This document shows a simple approach of some concepts of finite element method using the computer algebra system Maxima. Part of theory presented here is based on the book “Finite Element Procedures” of K. J. Bathe. Maxima is an interesting open source alternative to Wolfram Mathematica or Maple.

### Problem description

The follow procedure is valid for a trapezoid (μ≠1) or rectangular (μ=1) quadrilateral finite elements.

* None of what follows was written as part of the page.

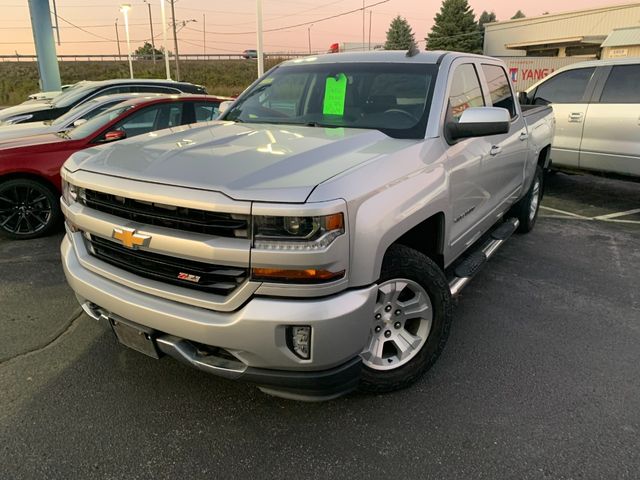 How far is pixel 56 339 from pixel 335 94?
8.61 feet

This generical quadrilateral has 4 nodes and 2 degrees of freedom for each node.

$\{f_{xy}\}=\begin{pmatrix}u\left( x,y\right) \\ v\left( x,y\right) \end{pmatrix}$

### Results

Shape functions matrix:

$N=\begin{pmatrix}-\frac{\left( y-h\right) \,\left( l\mathit{\ensuremath{\mu}}-x\right) }{hl\mathit{\ensuremath{\mu}}} & 0 & -\frac{x\,\left( y-h\right) }{hl\mathit{\ensuremath{\mu}}} & 0 & \frac{xy}{hl\mathit{\ensuremath{\mu}}} & 0 & \frac{y\,\left( l\mathit{\ensuremath{\mu}}-x\right) }{hl\mathit{\ensuremath{\mu}}} & 0\\ 0 & -\frac{\left( y-h\right) \,\left( l\mathit{\ensuremath{\mu}}-x\right) }{hl\mathit{\ensuremath{\mu}}} & 0 & -\frac{x\,\left( y-h\right) }{hl\mathit{\ensuremath{\mu}}} & 0 & \frac{xy}{hl\mathit{\ensuremath{\mu}}} & 0 & \frac{y\,\left( l\mathit{\ensuremath{\mu}}-x\right) }{hl\mathit{\ensuremath{\mu}}}\end{pmatrix}$

B matrix:

$B=\begin{pmatrix}-\frac{h-y}{hl\mathit{\ensuremath{\mu}}} & 0 & \frac{h-y}{hl\mathit{\ensuremath{\mu}}} & 0 & \frac{y}{hl\mathit{\ensuremath{\mu}}} & 0 & \frac{y}{hl\mathit{\ensuremath{\mu}}} & 0\\ 0 & -\frac{l\mathit{\ensuremath{\mu}}-x}{hl\mathit{\ensuremath{\mu}}} & 0 & -\frac{l\mathit{\ensuremath{\mu}}-x}{hl\mathit{\ensuremath{\mu}}} & 0 & \frac{x}{hl\mathit{\ensuremath{\mu}}} & 0 & \frac{x}{hl\mathit{\ensuremath{\mu}}}\\ -\frac{l\mathit{\ensuremath{\mu}}-x}{hl\mathit{\ensuremath{\mu}}} & -\frac{h-y}{hl\mathit{\ensuremath{\mu}}} & -\frac{x}{hl\mathit{\ensuremath{\mu}}} & \frac{h-y}{hl\mathit{\ensuremath{\mu}}} & \frac{x}{hl\mathit{\ensuremath{\mu}}} & \frac{y}{hl\mathit{\ensuremath{\mu}}} & \frac{l\mathit{\ensuremath{\mu}}-x}{hl\mathit{\ensuremath{\mu}}} & -\frac{y}{hl\mathit{\ensuremath{\mu}}}\end{pmatrix}$

An interesting approach of the command for algebraic factorization in Maxima “rat” (rational expression) is presented in order to find shape functions.